Directions.
Omit the pictures. Print each entry below exactly.
BEGIN
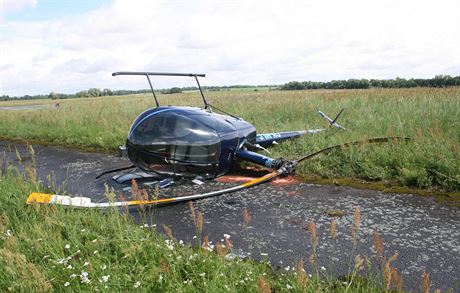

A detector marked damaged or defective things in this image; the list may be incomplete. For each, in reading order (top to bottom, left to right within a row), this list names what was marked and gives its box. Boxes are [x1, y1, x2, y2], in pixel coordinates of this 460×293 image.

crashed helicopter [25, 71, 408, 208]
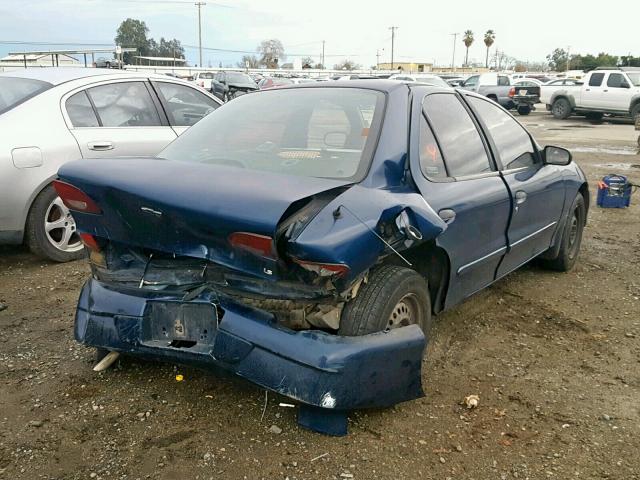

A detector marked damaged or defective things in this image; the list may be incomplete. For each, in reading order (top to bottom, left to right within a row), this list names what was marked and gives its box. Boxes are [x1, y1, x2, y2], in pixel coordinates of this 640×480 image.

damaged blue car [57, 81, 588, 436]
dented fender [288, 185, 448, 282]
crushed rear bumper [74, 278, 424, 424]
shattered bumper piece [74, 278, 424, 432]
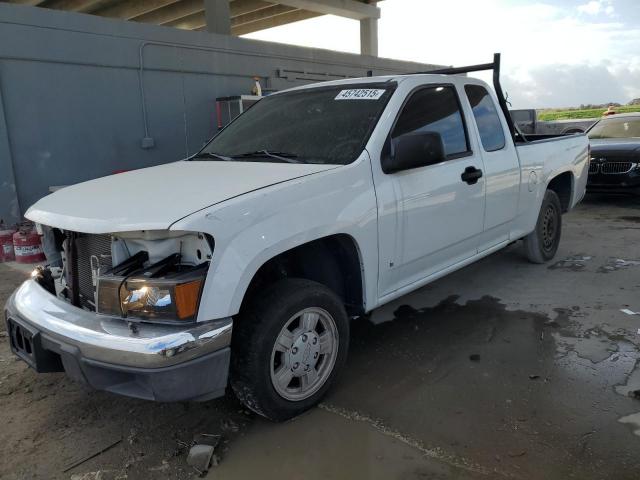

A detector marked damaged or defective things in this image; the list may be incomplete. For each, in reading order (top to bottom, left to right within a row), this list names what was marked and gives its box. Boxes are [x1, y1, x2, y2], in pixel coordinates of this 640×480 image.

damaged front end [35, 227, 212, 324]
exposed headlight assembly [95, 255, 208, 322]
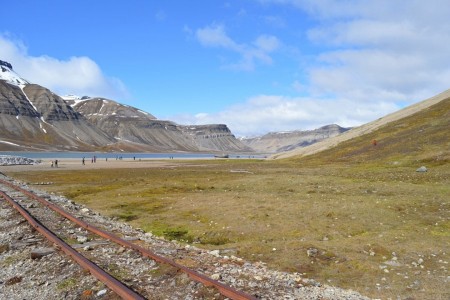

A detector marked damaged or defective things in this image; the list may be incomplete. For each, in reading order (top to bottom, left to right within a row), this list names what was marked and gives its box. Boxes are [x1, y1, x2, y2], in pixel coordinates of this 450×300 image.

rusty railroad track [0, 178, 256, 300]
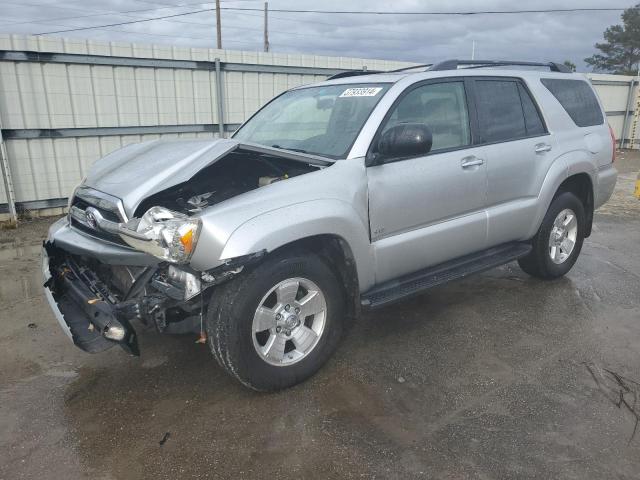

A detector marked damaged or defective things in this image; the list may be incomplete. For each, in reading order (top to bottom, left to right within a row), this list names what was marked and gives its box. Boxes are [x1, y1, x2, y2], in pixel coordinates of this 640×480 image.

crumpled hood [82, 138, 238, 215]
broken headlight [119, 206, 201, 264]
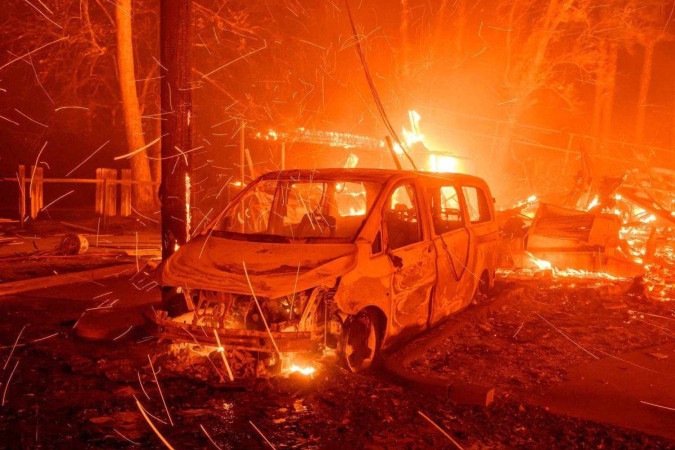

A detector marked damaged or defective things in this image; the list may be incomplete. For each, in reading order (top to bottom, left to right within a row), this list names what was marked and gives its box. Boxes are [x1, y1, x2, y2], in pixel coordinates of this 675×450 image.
END
Response.
A detector marked damaged or defective things in this image; the list may be incomplete. For each, in reading order (top to bottom, left to right within a row), this list names what was marked and gives its box. Boxes are [x1, y1, x2, y2], in pixel coordinates of this 460×293 image.

crashed helicopter [25, 71, 408, 208]

A detector marked damaged or defective things in this image; the list may be incomplete. For each, in reading order (top to bottom, left to right within a row), this list names what was marked and gives its box. Boxes are [x1, y1, x2, y2], in pixel coordinates of this 640×480 image.

damaged blue car [57, 81, 588, 436]
dented fender [288, 185, 448, 282]
crushed rear bumper [74, 278, 424, 424]
shattered bumper piece [74, 278, 424, 432]

A detector marked damaged or defective things in this image; the list may be incomplete. For each, in reading order (top to bottom, left to right within a row), this list names what was marked and gives its box. Boxes are [x1, y1, x2, y2], in pixel coordinates of this 640×480 image.

damaged front end [35, 227, 212, 324]
exposed headlight assembly [95, 255, 208, 322]

A detector marked damaged or defective things in this image; the list may be incomplete. For each, in reading order (top to bottom, left to right within a row), this list names what was marked and gives its box. Boxes are [x1, y1, x2, y2], in pixel coordinates of this 450×300 image.

rusty railroad track [0, 178, 256, 300]

A detector marked damaged or defective things in this image; the list may be incomplete. For each, in reading order (top to bottom, left to right within a row), this list names what was marked and gives its box. Boxes are [x1, y1, x2, y2], in pixel coordinates of this 640×480 image.

crumpled hood [82, 138, 238, 215]
broken headlight [119, 206, 201, 264]

A detector marked damaged or defective things in this image; the list may be incomplete. For each, in reading order (top to bottom, left to right within a row), this list names what was marked and gives its box. Boxes are [x1, y1, x2, y2], in pixel coordinates of this 675×450 image.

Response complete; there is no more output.